Example 1: Find the class name in the manifest file
This example uses the manifest file to find the driver class name. The manifest is a text file that contains essential information about a JAR file's content. You have to perform the following steps:
-
To extract the content of your JAR file, rename it by adding the extension .zip.
For example, rename your file from ojdbc7.jar to ojdbc7.jar.zip.
-
Double-click the ZIP file and extract the content.
-
Search the extracted content for a file called MANIFEST.MF.
-
Open the manifest file and look for the Main-Class which should specify the class name.
In this example, the file states Main-Class: oracle.jdbc.OracleDriver.

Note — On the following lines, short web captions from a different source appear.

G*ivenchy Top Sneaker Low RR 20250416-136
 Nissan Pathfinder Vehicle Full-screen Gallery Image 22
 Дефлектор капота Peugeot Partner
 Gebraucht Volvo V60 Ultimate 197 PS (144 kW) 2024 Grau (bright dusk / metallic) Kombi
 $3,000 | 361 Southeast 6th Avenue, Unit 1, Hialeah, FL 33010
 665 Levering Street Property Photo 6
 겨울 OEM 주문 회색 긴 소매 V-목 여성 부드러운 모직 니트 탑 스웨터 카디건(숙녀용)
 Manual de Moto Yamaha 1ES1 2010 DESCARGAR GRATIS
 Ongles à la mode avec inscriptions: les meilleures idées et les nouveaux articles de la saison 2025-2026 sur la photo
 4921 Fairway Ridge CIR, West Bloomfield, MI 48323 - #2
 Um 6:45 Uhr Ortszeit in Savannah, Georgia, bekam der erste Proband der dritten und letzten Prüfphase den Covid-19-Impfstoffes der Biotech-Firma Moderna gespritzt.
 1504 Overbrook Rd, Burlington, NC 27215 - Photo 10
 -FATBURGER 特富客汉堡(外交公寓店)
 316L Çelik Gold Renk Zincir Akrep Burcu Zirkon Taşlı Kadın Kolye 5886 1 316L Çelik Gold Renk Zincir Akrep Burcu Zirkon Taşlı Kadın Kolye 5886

The driver class name is oracle.jdbc.OracleDriver. You can now use this information in the TestStep.
If the class name isn't specified in the Main-Class, try out the steps in the next example.
Example 2: Find the class name in the META-INF/services folder
This example uses the META-INF/services folder to find the driver class name. This folder contains information by the service provider. You have to perform the following steps:
-
To extract the content of your JAR file, rename it by adding the extension .zip.
In this example, you rename your file from mssql-jdbc-8.2.2.jre11.jar to mssql-jdbc-8.2.2.jre11.jar.zip.
-
Double-click the ZIP file and extract the content.
-
Search the extracted content for a folder called META-INF\services.
-
In this folder, open the file java.sql.Driver which should contain the class name.
In this example, the file states: com.microsoft.sqlserver.jdbc.SQLServerDriver.
The driver class name is com.microsoft.sqlserver.jdbc.SQLServerDriver. You can now use this information in the TestStep.